If you have 1000 TV sets in a warehouse, you know where they are and what they’re made of,” explains Paul. “But as soon as they are sold to 1000 locations, suddenly that link is lost and recovering them in a way that allows them to be appropriately disassembled at scale becomes a real challenge.”
Following a pilot in Sterling, Scotland, Zeronet has just launched in the city of Brighton on the UK’s south coast. The platform consists of two apps: one for users and one for drivers. The user app lets householders register their home address and any electrical items they want to dispose of. This provides the company with the data required to view e-waste collection requests in real-time, and offer users a collection slot as well as instructions for preparing the items. Then the driver app kicks in: Once there is a large enough batch of items for collection, a van is dispatched to between 40 and 100 households in one day. Because the items have been registered and prepared in advance, they can be efficiently processed in the most efficient way.
Reuse is the most sustainable option when it comes to recovering waste, and many items Zeronet collects can be given a new home or stripped for useful parts. For this the company works with partners like Tech Take Back, which dissembles tech hardware, and Freegle, which rescues, repairs and redistributes household appliances and devices of all kinds. Zeronet even ensures personal data is wiped from laptops, tablets and smartphones – normally a major obstacle for people when it comes to disposing of such items. Finally, any items that can’t be reused are recycled for materials.

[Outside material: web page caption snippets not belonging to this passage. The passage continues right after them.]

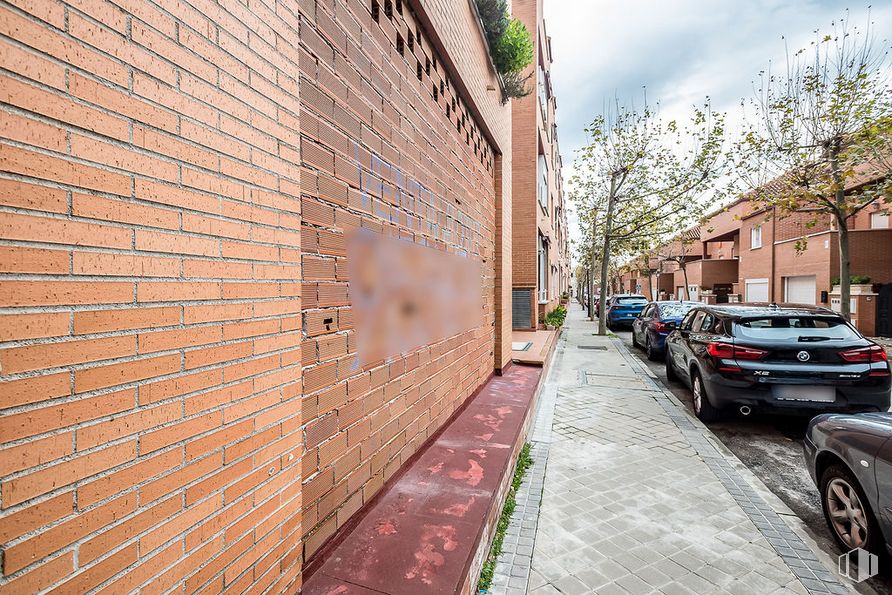 Local en alquiler y venta en Avenida Circunvalación, Daganzo de Arriba, Madrid, 28814 con rueda, coche, edificio, neumático, vehículo terrestre, día, vehículo, planta, iluminación automotriz y ventana alrededor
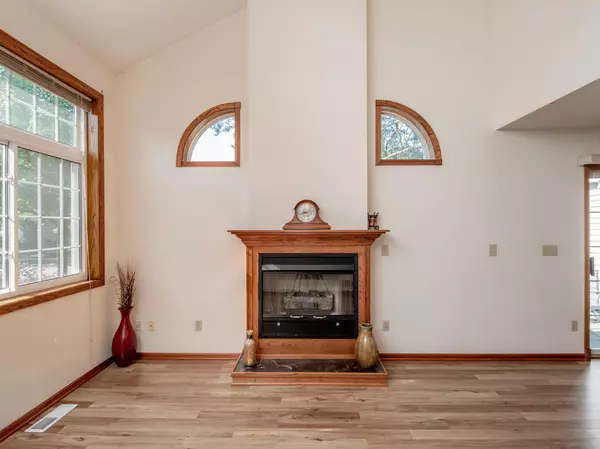 Inver Grove Heights, MN 55076,8842 Branson DR #44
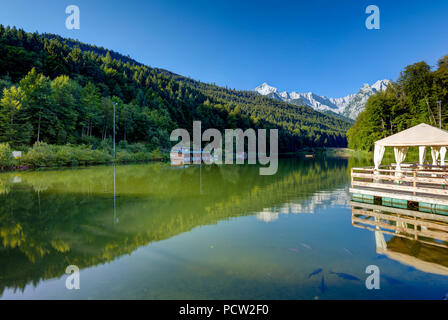 Rießersee, im Hintergrund die Berge Schwarzenkopf, Mittlere und Innere Höllentalspitze, Vorderer und Großer Waxenstein, Rieß, Garmisch-Partenkirchen, Wettersteingebirge, Werdenfelser Land, Oberbayern, Bayern, Deutschland, Europa Stockfoto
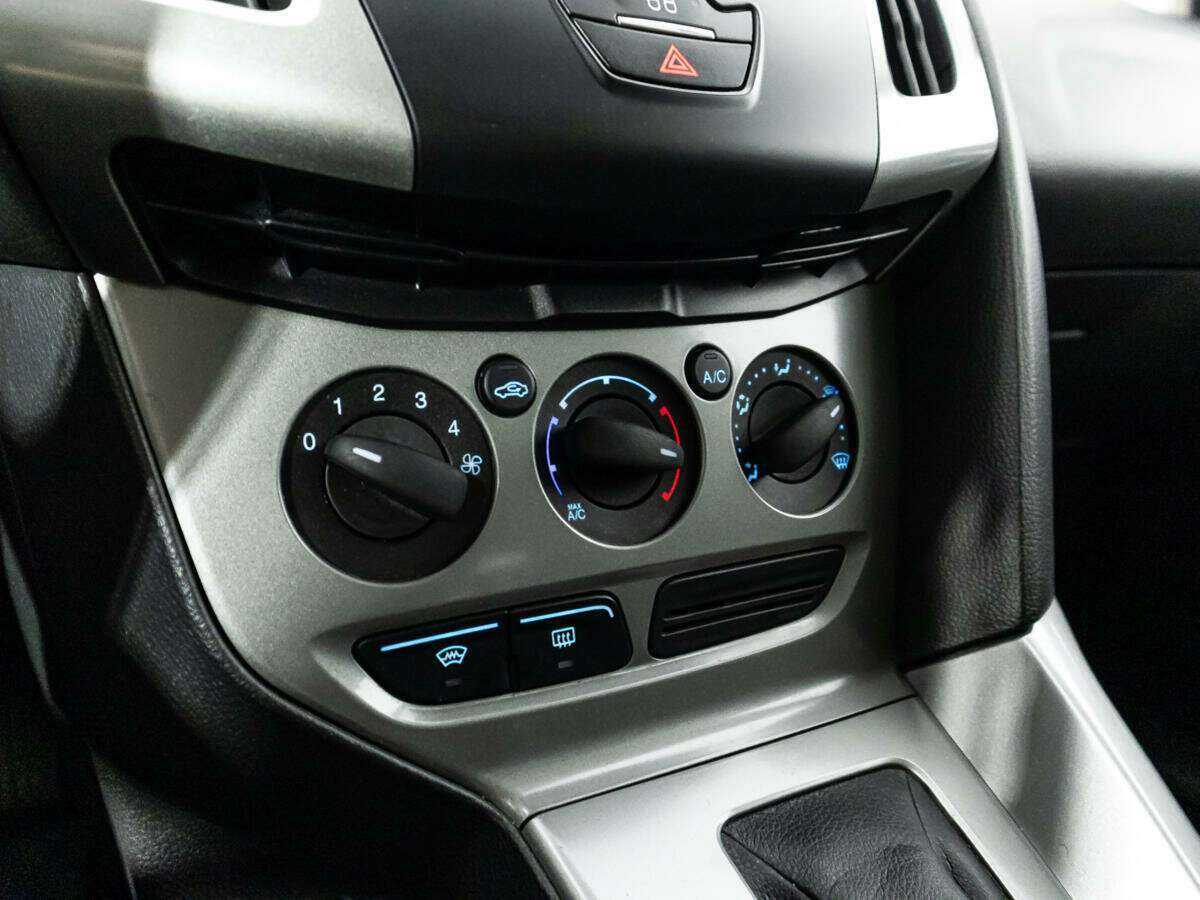 Ford Focus 2013 года с пробегом. Фото: #14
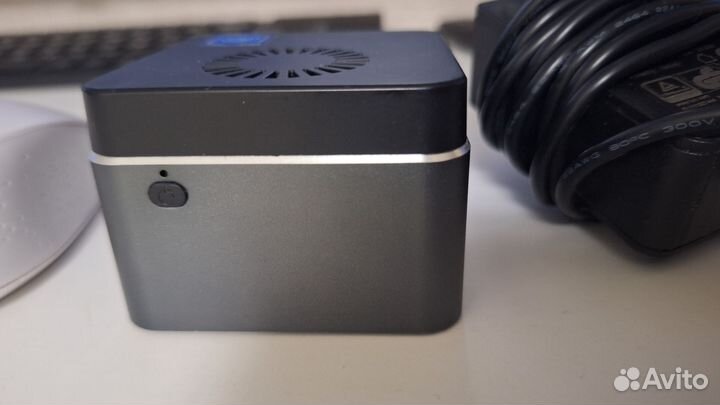 J4125, Gigabyte 3350c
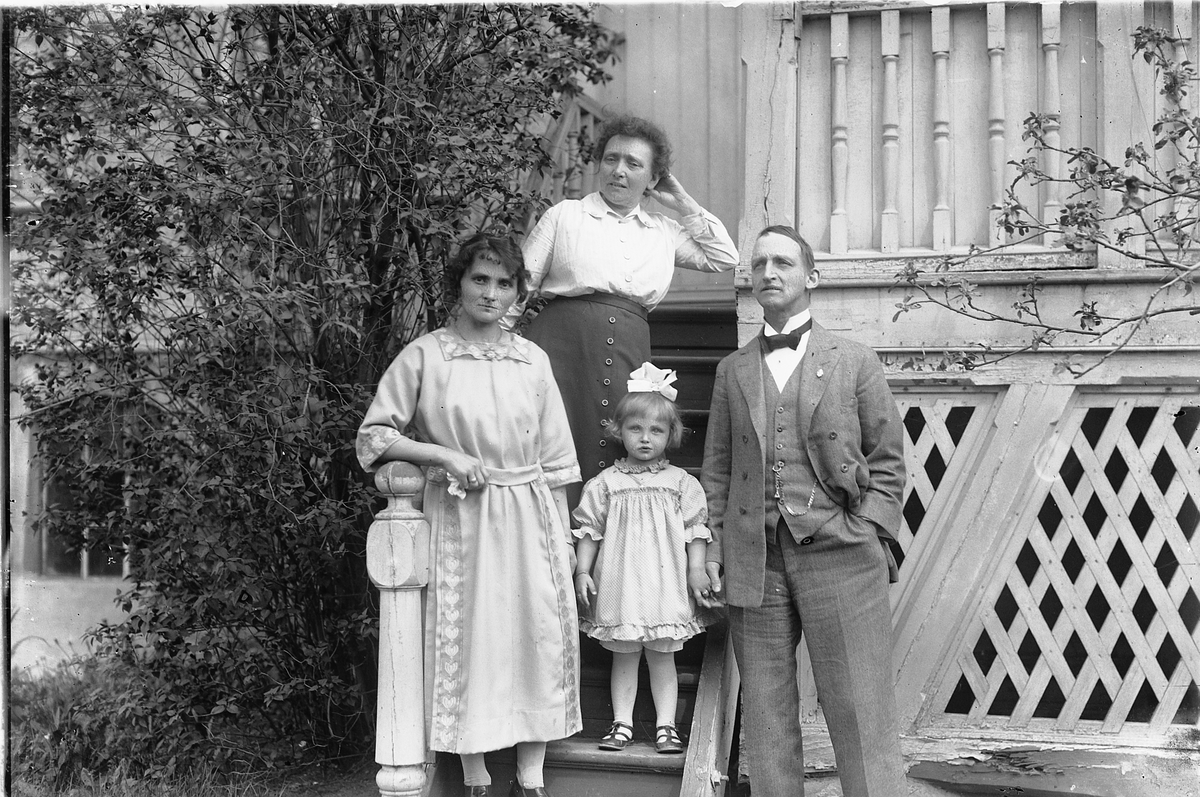 Oscar Løberg, UKJENTE PERSONER, FAMILIE, UKJENT STED, BAKERST FOTOGRAF RAGNHILDA ERIKSEN?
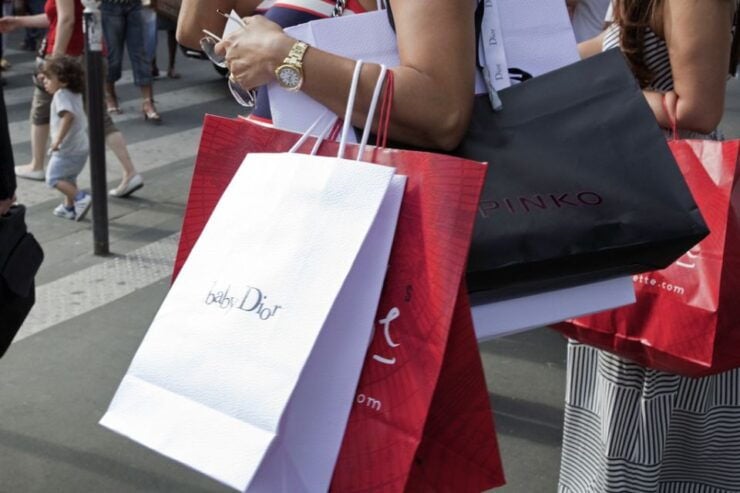 Discount Couture: Ultimate Paris Shopping 2h30 Walking Tour - Activity Details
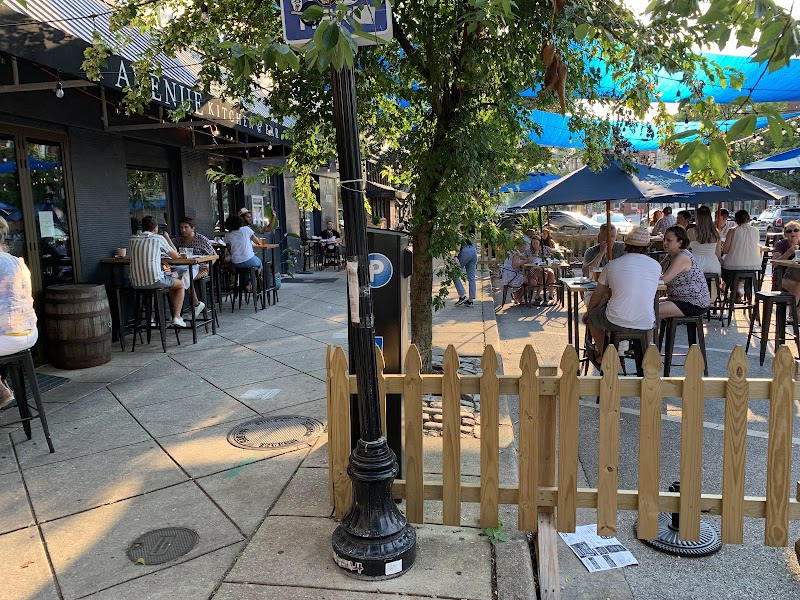 Exterior of Avenue Kitchen & Bar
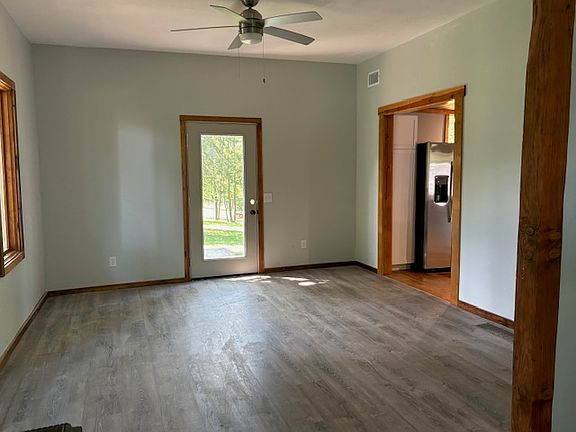 Livingroom, door exit to back yard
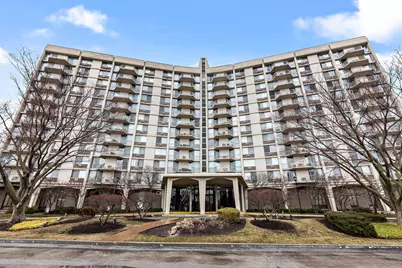 20 N Tower Road N #1M, Oak Brook, IL 60523 - Photo 1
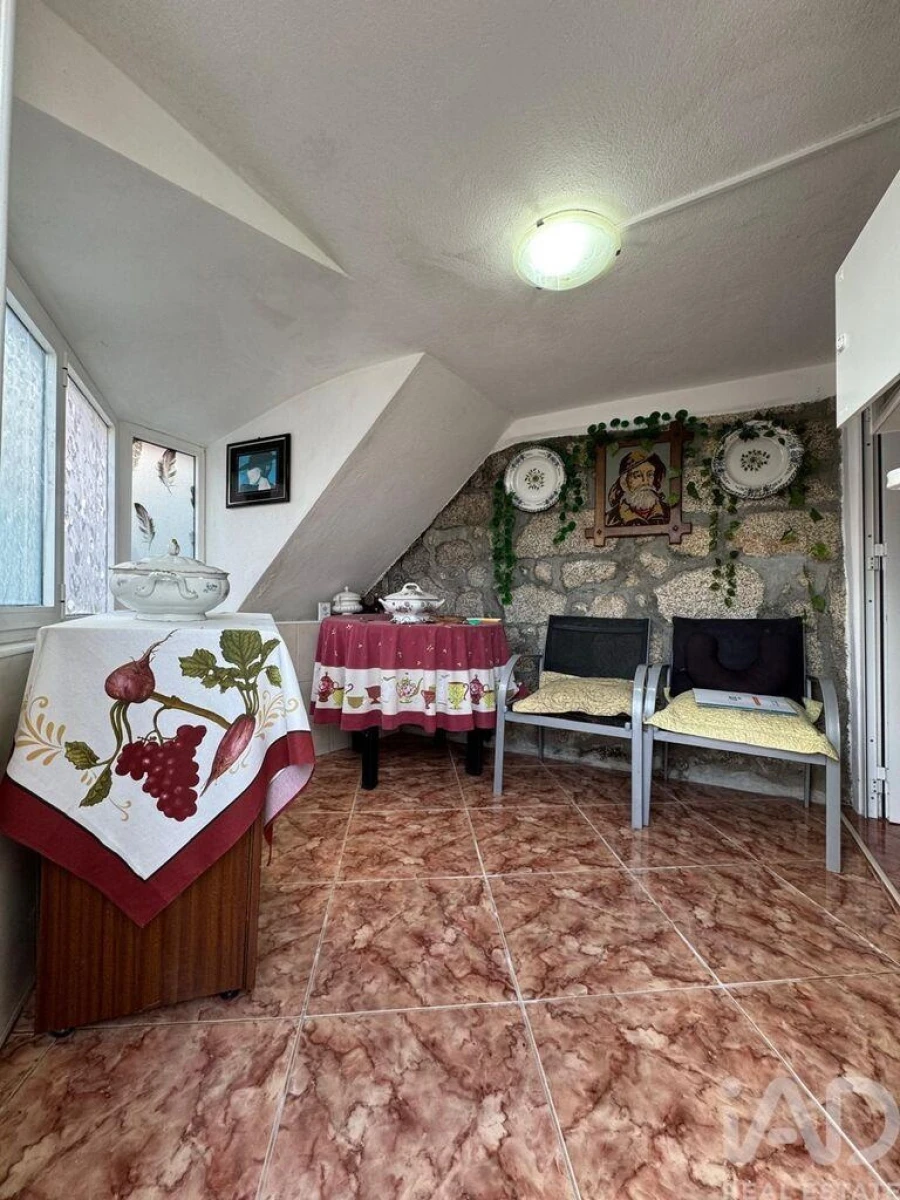 Moradia T2 para Venda em Cambra e Carvalhal de Vermilhas Foto 10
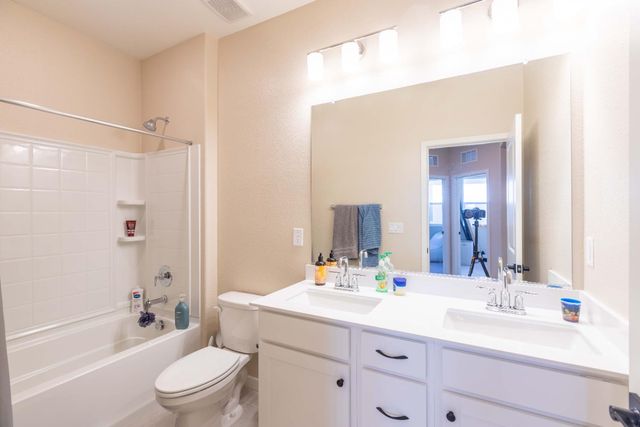 2909 Hazel Gaze St, Sacramento, CA 95833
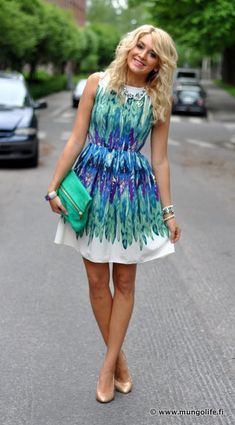 Walking Down The Street, Mode Boho, Feather Print, Dresses Short, Mode Inspiration, Primavera Estate, A Dress, Dress White, White Green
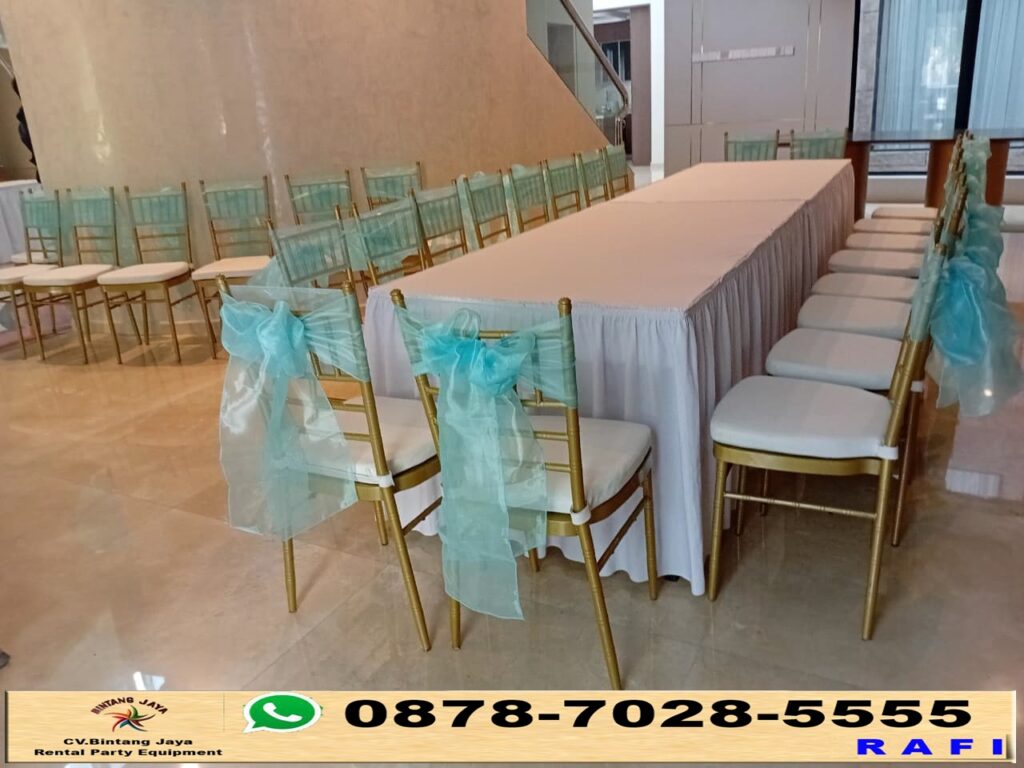 Sewa Kursi Tifani Gold Bantalan Putih Pita Biru Muda Dan Meja Ibm Jakarta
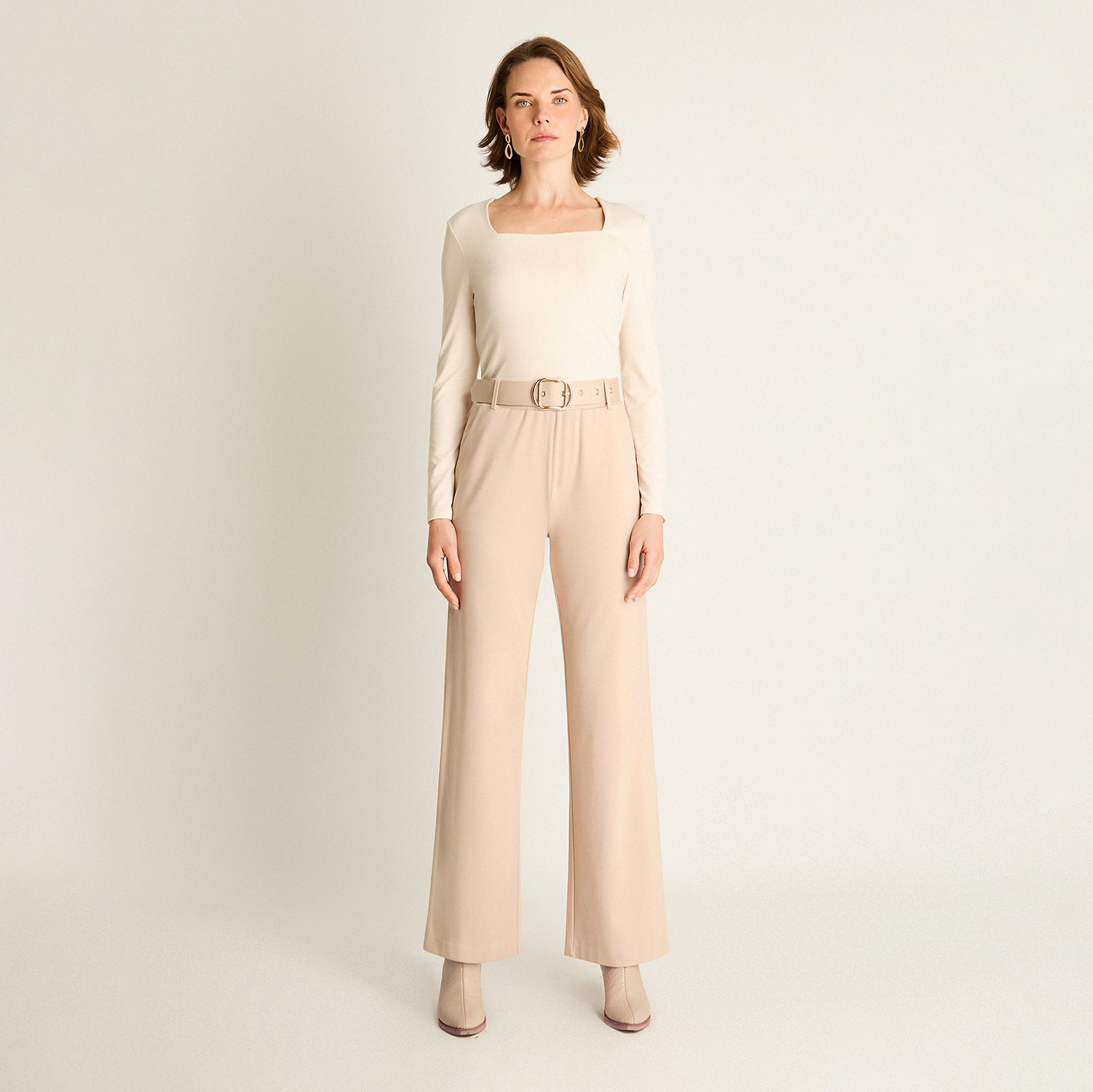 Pantalón Formal Beige Corte Recto con Cinturón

Paul first had the idea for Zeronet when he saw a post van delivering to a home at the same time a waste truck was collecting from the house next door. “I was struck by the contrast between the two things,” he says. “On the one hand, you had this very professional approach whereby a householder was acquiring a unit of inventory from probably a big brand like Amazon, and everything about that product was traceable. On the other hand, you had this fairly clunky, almost amateurish, process for removing residual waste.” Paul decided there must be a better way, and has dedicated the last decade to realising his vision.
Consumers have responded to Zeronet’s offering with enthusiasm. Paul has been surprised and encouraged to learn that most people are happy to put in the effort to register and prepare their electrical waste items properly, if it means they can avoid the stress of disposing of it themselves.
Not only is Zeronet helping to divert bulky e-waste away from landfill, it’s doing so in a way that actually generates revenue. Large logistics firms have expressed a keen interest in the platform, which is already serving over 100,000 households in Brighton and is capable of scaling to a national level. “If we do it right, it should have [a high impact], because it really is a complete shift in the way that we handle and process anything that is post-consumer,” concludes Paul. “It’s trying to solve a fundamental problem that exists effectively for everything.”